Ankara/München – Kurz vor der Türkei-Wahl verkündet das staatliche Statistikamt TÜIK gesunkene Inflationszahlen. Demnach liegt die Inflation bei 43,68%. Im Vormonat lag die Inflation bei 50,51 Prozent. Doch die Inflationszahlen scheinen beschönigt zu sein. Unabhängige Wirtschaftsinstitute kommen auf ganz andere Inflationszahlen. Laut Ena Grup liegt die Inflation mit 105, 19 Prozent mehr als doppelt soch hoch.

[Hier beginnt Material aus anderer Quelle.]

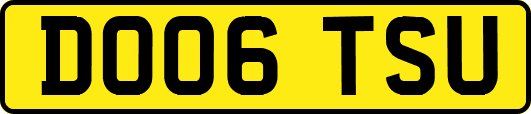 DO06TSU
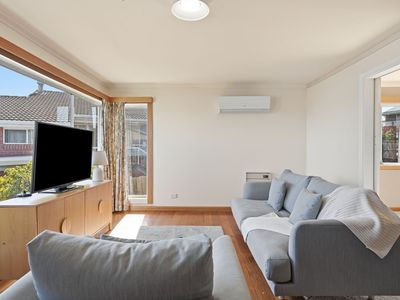 34 Penna Road, Midway Point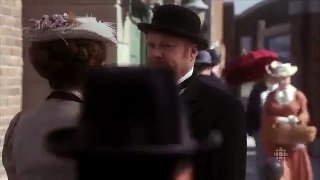 Murdoch Mysteries - Se9 - Ep02 - Marked Twain HD Watch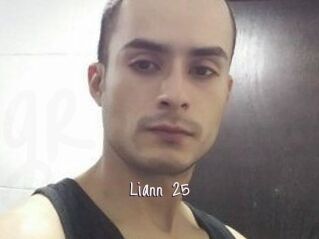 Liann_25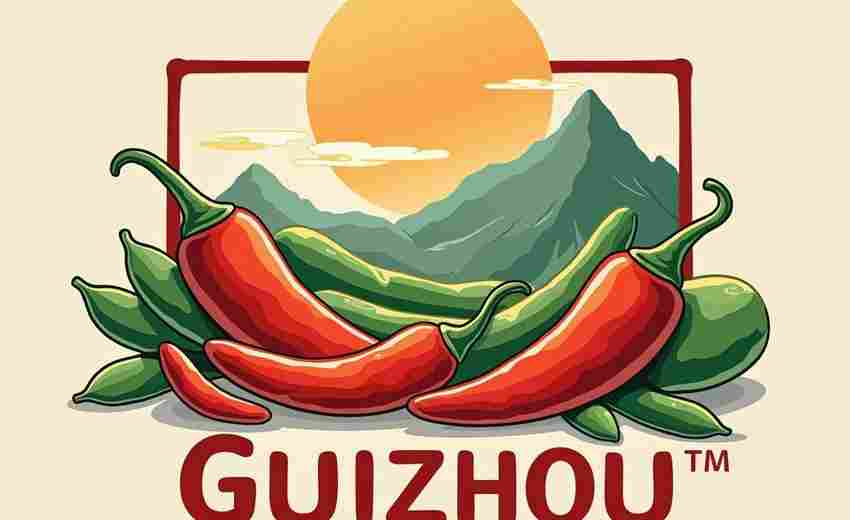 網(wǎng)站視覺設(shè)計(jì)如何融入惠州本土元素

Experten glauben Inflationszahlen der Regierung nicht
Auch Experten glauben den Zahlen der staatlichen Statistikbehörde nicht. „Ich fordere die TÜIK auf, nicht nur die Durchschnittspreise ausgesuchter Waren zu veröffentlichen, sondern alle Waren, die in die Berechnung der Verbraucherpreise einfließen. Ansonsten zweifle ich an den Inflationszahlen“, schreibt der Wirtschaftsexperte Professor Erinc Yeldan von der Kadir Has Universität in Istanbul.
Der Wirtschaftsexperte Prof. Kamil Yilmaz von der Koc-Universität in Istanbul kritisiert auf Twitter ebenfalls die TÜIK und auch die AKP-Regierung. „Eine Regierung, die staatliche Institutionen mit unqualifizierten Kumpanen füllt und sie zwingt, nach ihren eigenen Interessen zu arbeiten, passt nicht zur Türkei. Zum Glück wird diese institutionelle Korruption am Morgen des 15. Mai ein Ende haben“. Die Parteikader der AKP, die die Daten der TÜİK verschleierten, würden gehen und kompetente Leute würden ihr Amt antreten, kündigte Yilmaz vor den Parlaments- und Präsidentschaftswahlen am 14. Mai an.

Erdogan und sein Finanzminister sprechen von Erfolg
Finanzminister Nureddin Nebati hingegen hingegen gibt sich auf Twitter optimistisch. Die Inflation sinke seit sechs Monaten ununterbrochen. „Im vergangenen Oktober hatte die Inflation eine Spitze von 85,5 Prozent erreicht und ist seither um 42 Prozent gesunken“, so Nebati. Auch Präsident Recep Tayyip Erdogan freut sich demonstrativ: Nachdem Erdogan mehrmals von Erdgasfunden im Schwarzen Meer berichtet hatte, soll es sogar zu größeren Erdölfunden im Cudi- und Gabar-Gebirge nahe der irakischen Grenze gekommen sein.
Währungsverfall der Türkischen Lira hält an
Eins der Probleme des Landes ist auch der Währungsverfall. Der US-Dollar kostet inzwischen 19,49 Türkische Lira und der Euro 21,53 Türkische Lira, was zusätzlich die Kaufkraft der Menschen in dem Land schwinden lässt. Damit ist der US-Dollar in den letzten fünf Jahren um mehr als 360 Prozent und der Euro um mehr als 320 Prozent teurer geworden. Gerade Geringverdiener haben es in dem Land schwer. Bei einem Mindestlohn von 8500 Türkische Lira (umgerechnet etwa 395 Euro) bleibt den Menschen nicht viel zum Leben.